Former Democratic congressman Joe Cunningham, 39, announced his run to unseat South Carolina Republican Gov. Henry McMaster—with the promise to legalize medical and adult-use cannabis in his state. He believes that by doing so, the state could offer healthcare options and rake in potentially millions in tax revenue.
In one of the least cannabis-friendly states in the nation, legalizing both medical and adult-use cannabis would lead to drastic changes, given the state’s deeply embedded Southern culture. But Cunningham believes that the state is ready for change.
“This is going to be a game changer in South Carolina,” Cunningham told The Associated Press. “There are so many reasons why we need to do this, and the time is now.”
Cunningham became the first in decades to flip a South Carolina congressional seat from red to blue in 2018. Two years later, he narrowly lost the 1st Congressional District to Republican challenger Nancy Mace during the same night of several other GOP wins across South Carolina.

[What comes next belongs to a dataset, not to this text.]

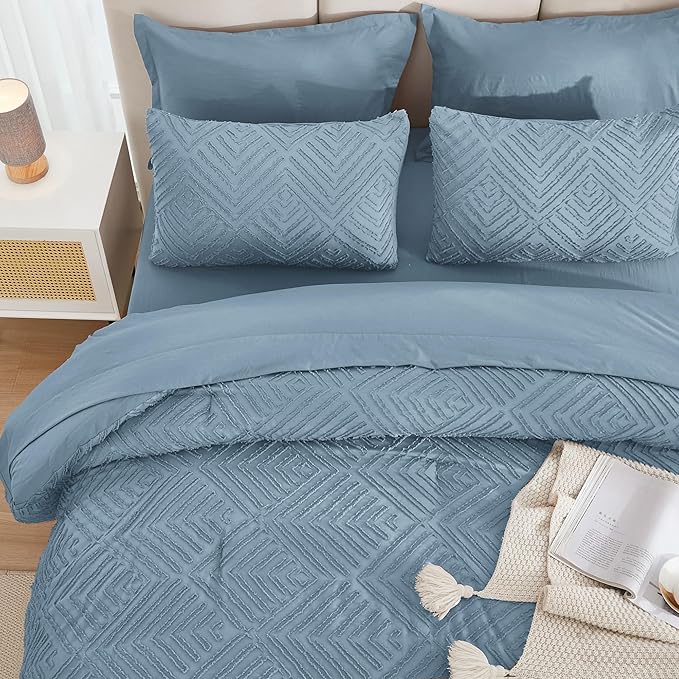 Andency Queen Size Comforter Set 7 Piece Grayish Blue - Bed in a Bag Queen Boho Lightweight Fluffy Tufted Bedding Sets with Comforter, Sheets, Pillowcases & Shams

Cannabis is the only way forward if you want to win, the candidate said. “People are behind it, and politicians need to get behind it, too,” said Cunningham. State Law Enforcement Division Chief Mark Keel and other leaders pushed against legalization, arguing that cannabis remains illegal at the federal level. But Cunningham explained that his plan would help leaders like Keel do their jobs by freeing up officers to focus instead on true crimes.
“His job is to enforce the law,” Cunningham said. “And what we’re going to be doing is changing the law to prioritize where those resources are spent.”
Cunningham’s team raised $634,000 since launching the campaign two months ago, setting a new record for a South Carolina Democratic gubernatorial challenger in their debut fundraising quarter, according to The Associated Press.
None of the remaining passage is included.